Client: "Send me bigger bills that I can ignore"

You know, you really should raise your rates a bit. You are selling yourself way short for the services you are performing.

Quick quiz. The source of the preceding statement is:

As a punchline in the "Big Book of Freelance Website Design Jokes"

That hazy world of early morning REM sleep just before the alarm ruins a perfectly fine dream

An actual client email in response to receipt of a bill for website maintenance.

If you chose the third option, you're obviously delusional -- but you're also correct.

I responded to this amazing observation...

Thanks for your concern about my fees. However, you may be overestimating the time it takes to perform a lot of the maintenance work that I do. The updates you requested below, for example, took all of two minutes to complete. Even if I raised my rates 50% that would still work out to a whopping $2.

I've seen folks do thirty minutes worth of work and charge $100 just because the client couldn't do the work for himself, and while he may be willing to pay, I have a hard time believing that any webwork is worth $200 an hour.

But my client wasn't finished...

Hey, remember it's your expertise that matters, not just the amount of time you spend. Our doctors can do a cataract surgery in 4 minutes, but patients pay because they're the best! I still think you should raise your rates.

I've said all along that web design isn't brain surgery; maybe I'm using the wrong medical comparison. Plus, I thought we were paying for malpractice insurance, not expertise.

What's the point of sharing this? Only that I had to send a second notice a month later. I guess my first invoice was too small to take seriously.*

*In the client's defense, I learned that family business had intervened shortly after my invoice arrived, and it got lost in the shuffle. I understand completely. I simply found the whole situation amusing and ironic.

Comments

We need more service providers like you, and more customers like your client. (What kind of economics _is_ that?)

Posted by: Rob at April 4, 2007 09:26 AM

So web design is more like cataract surgery then? ;-)

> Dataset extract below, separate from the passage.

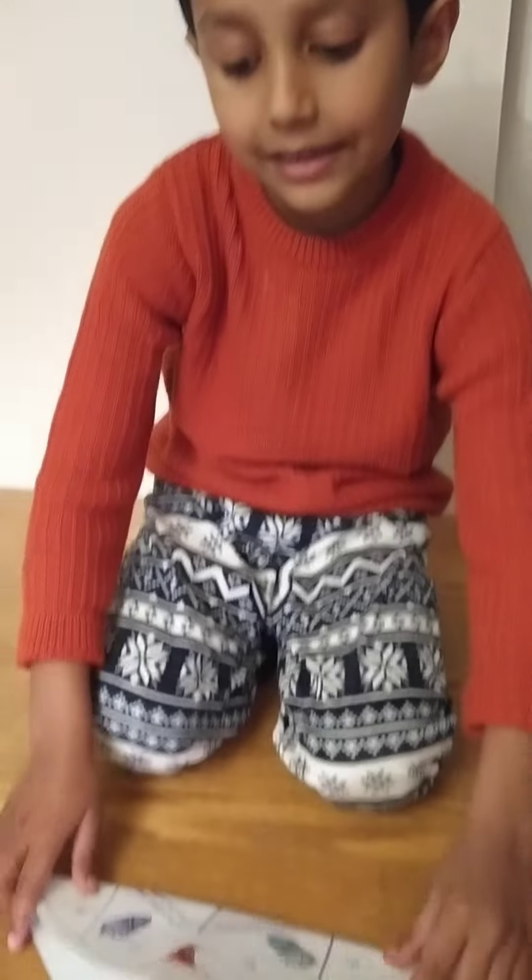I'm going to tell you how to make a candle box. This is going to make it easy to make it.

Posted by: Gwynne at April 4, 2007 10:36 AM

One time, there was a lawyer who's client came in with a big problem. The lawyer told him, "Calm down. I can probably get this cleared up with just a letter." The lawyer sends the letter, and the client is thrilled. A giant lawsuit has been averted with a single letter.

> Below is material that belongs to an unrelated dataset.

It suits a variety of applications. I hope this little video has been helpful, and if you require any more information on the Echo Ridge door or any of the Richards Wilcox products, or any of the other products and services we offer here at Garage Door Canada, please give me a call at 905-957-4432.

Then the client gets a bill for $5000. He's furious. "How can you send me a bill for $5000 for just writing a letter?"

The lawyer says, "I see your point; I'll send you a revised invoice." The invoice arrives two days later, and says:

  • One Letter: $5
  • Knowing what to say in the letter: $4995
Posted by: Phelps at April 4, 2007 11:03 AM

One Letter: $5
Knowing what to say in the letter: $4995

That right there was worth the price of admission! I've got another round of billing coming up. I might just try this on for size. ;-)

Posted by: Gwynne at April 4, 2007 12:07 PM

Rob, it's probably nothing that Adam Smith would recognize. "Golden Rule Economics" perhaps? ;-)

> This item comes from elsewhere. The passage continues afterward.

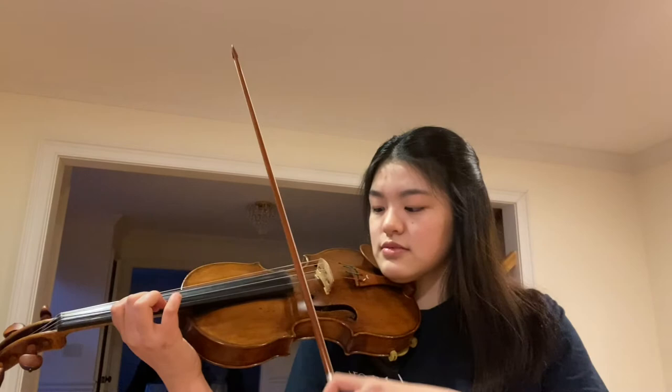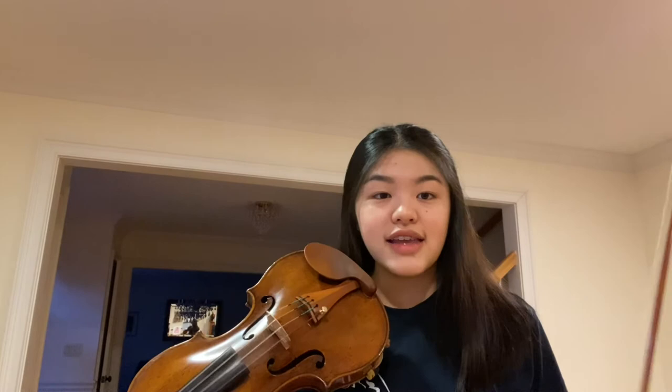Tip number three: this may seem a little obvious, but just slowing down the tempo of the fast passage helps a lot. Taking the same passage that I played before, I'm just going to practice it really slowly and make sure that I listen to my intonation. After you've perfected it at a slow tempo, you can increase the tempo.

Gwynne, I guess it's better than comparing it to a hemorrhoidectomy!

Phelps, there's no question that paying for expertise is a fundamental in a free economy, in everything from haircuts to bridge building to brain surgery. The complications arise in determining what's a fair and reasonable rate for such charges, if, indeed, "fair and reasonable" are valid criteria. Some might argue that they aren't.

Posted by: Eric at April 4, 2007 12:20 PM

One letter: $5

Knowing which mailbox to put it in: $4995.

That kind of economics would suit me fine.

Posted by: Jim at April 4, 2007 04:57 PM

Good one, Jim. ;-) Of course, I don't send much mail so the increase in the price of postage might not bother me as much as my mother.